Background: respiratory physicians are often asked to assess subjects charged with failure to provide evidential breath specimens for alcohol analysis in police stations. In the UK two 3-minute cycles are allowed to produce two specimens, each requiring a continuous even blow of around 6-12 seconds in duration. Spirometry is useful both diagnostically and in the assessment of technique required to perform this respiratory manoeuvre. FeNO testing has not been described in the medicolegal literature, but the technique needed to perform this test is the most similar to evidential breath testing.
Methods: we describe 91 consecutive individuals who underwent FeNO testing with a NIOX VERO meter in our clinic in the evaluation of failure to provide evidential breath specimens. Subjects were allowed up to 10 attempts. All subjects underwent clinical assessment and spirometry testing.

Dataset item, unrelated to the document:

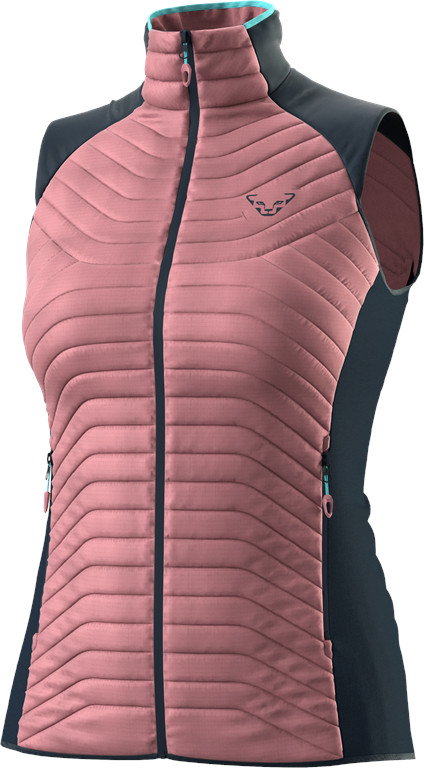 Vesta Dynafit Speed Insulation W mokarosa Barva: starorůžová / modrá, Velikost: M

Results: 82/91 (90%) subjects succesfully provided a FeNO sample. 9/91 (10%) were unable to do FeNO due to suboptimal technique. According to NICE criteria 10/91 (11%) subjects had high readings ?40ppb, 12/91 equivocal 25-39ppb and 69/91 (76%) normal <25. Asthma was newly diagnosed in 3/22 (14%) subjects with high or equivocal readings.
Conclusion: FeNO testing is a useful tool in the evaluation of failure to provide breath alcohol cases, for the diagnosis of asthma, assessment of asthma control, and also the ability to perform a similar respiratory manoeuvre to evidential breathalyser testing.